Likewise, Go Ask Alice is fiction, and all but true believers have accepted this. Sparks still insists that it is based on an actual person, but she says she destroyed part of the original diary she used as a basis, and the undestroyed part is in her publisher’s safe. Not one of the millions who have read this book has had an Aha! moment and said, “Wait! I knew her!” The Library of Congress seems to have the most respect for the truth, as their classification for Go Ask Alice is under PZ, which is “Fiction and juvenile belles lettres.”
“But look how many kids it’s kept off drugs!” I hear someone cry. “Even if the story is fake…” That reminds me of a Richard Pryor line, when his wife catches him in bed with another woman: “Who are you going to believe? Me, or your lyin’ eyes?” This is the same argument put forth by the fans of Mike Warnke, a Christian comedian whose first career was as a self-styled expert on Satanism and the occult. His expertise rested on his bona fides as an ex-Satanic high priest who found Jesus while he was serving in the Navy after his coven tried to kill him with an overdose of heroin. This story was accepted without question, beginning with the publication of his “autobiography” The Satan Seller. Finally, two writers for Cornerstone, a now-defunct Christian magazine published in Chicago, did enough checking and research to convincingly demonstrate that Warnke’s story was complete fiction from top to bottom. Warnke’s “data” led to many police departments, journalists, and scholars spending most of the 1980s chasing their tails searching for nonexistent networks of Satanic covens that were abducting and murdering children, breeding babies for ritual cannibalism, and seducing teenagers with promises of unlimited drugs and sex. The teenaged killers who made headlines as “Satanic killers,” such as Sean Sellers and Ricky Kasso, were too antisocial and sure of their own supremacy to cooperate with anyone in authority, whether it was a principal or a high priest. (Warnke was even brushed off by Anton LaVey, the creator of the Church of Satan. LaVey, I believe, is the love child of Aleister Crowley and Ayn Rand.)

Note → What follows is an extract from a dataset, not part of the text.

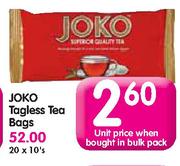 Joko Tagless Tea Bags-20X10 Per Pack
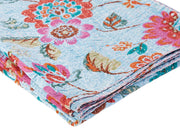 50" X 70" Multi Colored Eclectic Bohemian Traditional  Throw Blankets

One question that has plagued me ever since I learned that A Place in the Sun existed is the choice of the title. It is the title of one of my favorite movies, a 1951 Paramount Pictures feature that starred Montgomery Clift and Elizabeth Taylor. I had first seen it on Nite Owl Theater during my 13th summer, when I was “home alone” while Dad spent all his time (literally) at his wife’s apartment. I had tuned in just in time to see Raymond Burr (as a D.A.) sitting in a rowboat in the middle of the courtroom, and stayed with it until the tragic conclusion. It would be a year or more before I saw the movie in its entirety.
The movie is based on Theodore Dreiser’s An American Tragedy, one of those long books I know I should read, but which I will put off for a future long bus trip I take (it’s a save-for-long-bus-trip-or-prison-sentence book). It figured humorously in my life when I went to my first Unitarian Universalist youth conference, at Camp Tippecanoe in Harrison County. A young woman, the same age as I was then (16), were clicking well after sitting together at lunch, and I began to see… possibilities. But she turned white as a sheet when I suggested that we get in one of the canoes and row out on Clendening Lake. I was a little hurt, but relieved, since it took a lot of nerve for me to overcome my fear of water enough to make this suggestion. At dinner, I saw a paperback copy of An American Tragedy protruding from the pocket of her knapsack when she came up to the lodge.
So I knew that it wasn’t me who had rattled her, and I felt better. It’s one of those “we’ll look back on this and laugh” moments.